Zu viel Ausschließeritis Die Grünen haben sich verrannt
08.05.2009, 13:32 UhrDie Grünen wollen sich im Bundestagswahlkampf nicht auf eine Koalitionsaussage festlegen. Nur eine Option wird ausgeschlossen: Jamaika. Ein strategischer und politischer Fehler.
Strategisch ist es falsch, weil diese Festlegung der FDP den Eintritt in eine Ampelkoalition nahezu unmöglich macht: Wenn die Grünen eine Zusammenarbeit mit Union und FDP kategorisch ablehnen, ist dies geradezu eine Einladung an die Liberalen, Gleiches mit Gleichem zu vergelten.

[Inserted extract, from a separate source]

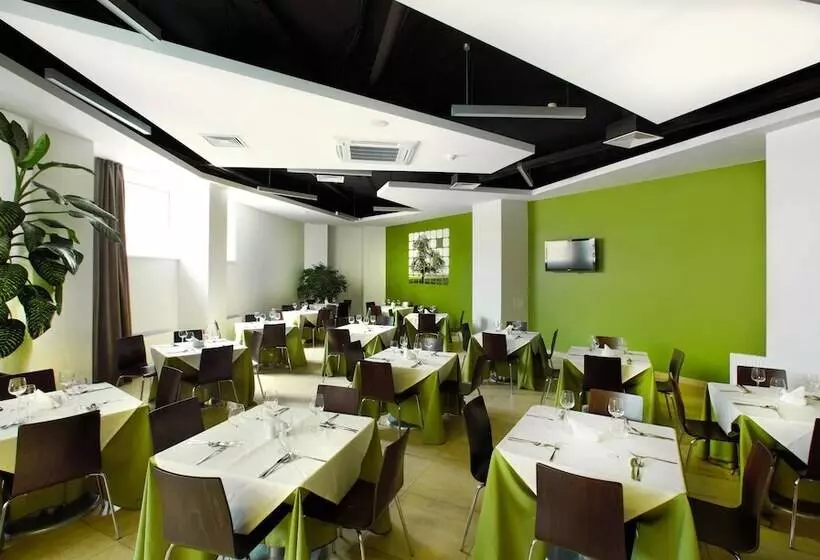 هتل Green Vilnius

Es ist politisch falsch, weil noch gar nicht klar ist, zu welchen Angeboten Union und FDP nach der Wahl möglicherweise bereit sind, sollten sie keine "bürgerliche" Mehrheit erreichen. Zwar liegt es auf der Hand, dass vor allem die FDP alles andere als ein natürlicher Partner der Grünen ist. Doch entschieden werden sollte nach der Wahl, auf der Basis konkreter Verhandlungen.
Der Maßstab sind die Inhalte
In der Theorie ist den Grünen das völlig klar: "Grüner Kurs der Eigenständigkeit heißt: Unser Maßstab sind unsere Inhalte", schreiben sie im "Aufruf zur Bundestagswahl", den der Parteitag an diesem Wochenende beschließen soll. Aber eben auch: "Wir stehen als Mehrheitsbeschaffer für schwarz-gelb nicht zur Verfügung." Das ist genau jene "Ausschließeritis", vor der Hessens Grünen-Chef Tarek Al-Wazir nach den schlechten Erfahrungen des vergangenen Jahres warnt.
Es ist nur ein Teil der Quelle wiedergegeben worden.